10th May 2016
The revelation about David Cameron’s late father using a tax haven fund in Panama has again highlighted the issue of UK companies and individuals using off-shore accounts and the impact this has on tax paid to HMRC.
And while evidence suggests that the case of Blairmore Holdings Inc wasn’t aggressive tax avoidance, the episode has left the PM red faced and his party facing a PR disaster, having previously been self-appointed guardians, aiming to take a hard stance on those who avoid paying UK tax.
Certainly, the Government has put in place a number of measures that attempt to end tax avoidance schemes and close exploitable loop holes in the tax system.
“Tax avoidance is definitely being clamped down on by the Government,” says Ian Lowes, managing director of Lowes Financial Management. “There are services out there that do offer aggressive tax avoidance, which can seem attractive at first, but they border on tax evasion, which is illegal, and taking part in them can get you in a lot of trouble.
“At Lowes Financial Management, we never encourage aggressive tax avoidance and it has been quite a long time since the firm had people knocking on its door attempting to promote such aggressive schemes because, effectively, they are being outlawed.”
People and companies using off-shore accounts to avoid tax are also being identified, with the Government’s having entered into a number of data-sharing arrangements with other jurisdictions.
James Cashman, an associate in corporate tax and banking at DWF LLP, explains: “HMRC now has substantial and increasing powers to obtain information about a UK tax payer who is holding money in accounts outside of the country. And there are reciprocal arrangements to identify people using UK bank accounts who owe tax to other jurisdictions, too.”
James goes on to point out that off-shore accounts can be used as part of legitimate tax planning, “as long as you disclose them to HMRC and any relevant tax is paid.”
Those companies or individuals identified by HMRC as having avoided paying tax – using off-shore accounts or otherwise – can expect to receive a bill for the unpaid tax, up to 100 per cent of this amount in penalties, and the interest accrued over the period the tax has been avoided.
So what do you do if you think you’ve been caught up in a tax avoidance scheme?
James says: “Over the years there has been a number of disclosure opportunities where, if you have used a tax avoidance scheme, you could admit this to HMRC and potentially receive a lower penalty rate.”
He continues: “My advice to anyone who is worried is to get professional advice and if an issue is identified, it’s better to approach HMRC with the position, as you are more likely to arrange a more preferable arrangement than if they come to you.”
But what about the average person on the street who has savings and investments but for whom off-shore accounts and aggressive tax avoidance schemes are seen as a preserve of the ultra wealthy?
Ian Lowes reflects: “There are perfectly legitimate ways that a person can reduce his or her tax burden and what’s important is to get proper advice about tax planning.

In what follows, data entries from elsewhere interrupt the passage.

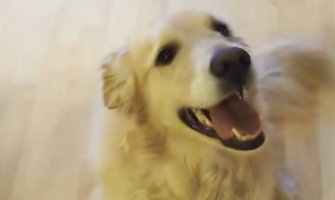 Rekao je psu da očisti sobu, pogledajte šta je uradio(VIDEO)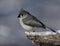 Beautiful tufted titmouse on snowny branch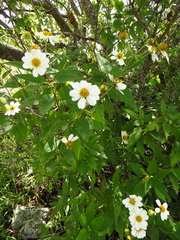 Montanoa leucantha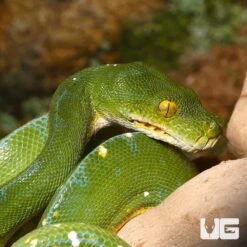 Jayapura Green Tree Python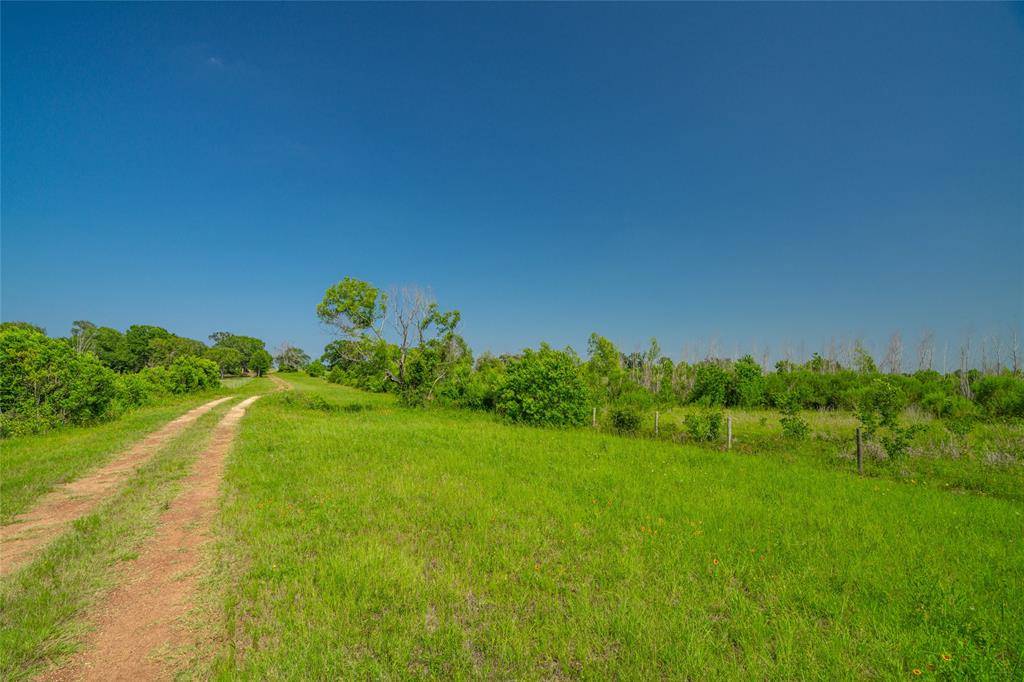 Waller, TX 77445,26720 Waller Gladish Road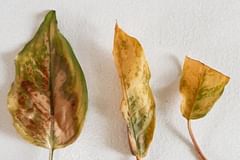 How to rescue a plant from overwatering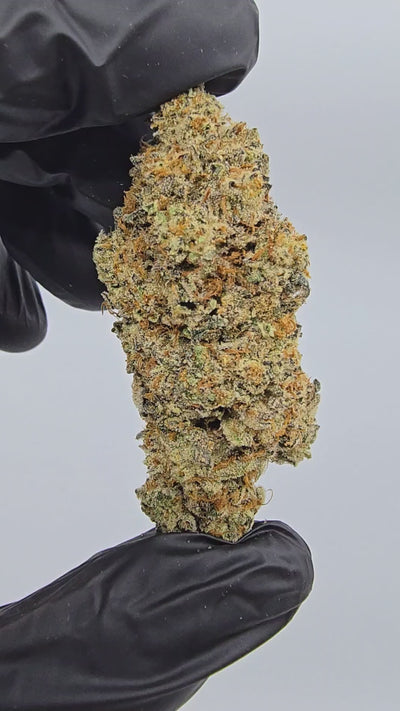 Garlic Icing | Boutique Exotics | Flower | 32.31%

“For example, you can choose to utilise investments which are subject to capital gains tax, which is set at a lower rate than the current income tax rate – and the rate was cut in April this year.
“There are also a number of legitimate, often pre-approved inheritance tax strategies. But they do need to have legitimate underlying investments and these can push you towards a high risk investment strategy.
“One of the best ways to legitimately reduce your tax bill is to use tax shelters like ISAs. ISAs are government-approved allowances that you can use to shelter up to £15,240 each year and tax is not due on the returns. These can build up to a substantial amount over a number of years and investors can end up with a sizeable portion of their investment portfolio that isn’t subjected to any tax.”
So, while the Government is clamping down on tax avoidance schemes, it is simultaneously offering a number of tax reliefs, allowing people and companies to legitimately reduce their tax burden instead of avoiding tax all together.
But the take home message is to seek trusted professional advice for any tax planning, and, if it seems too good to be true, it probably is.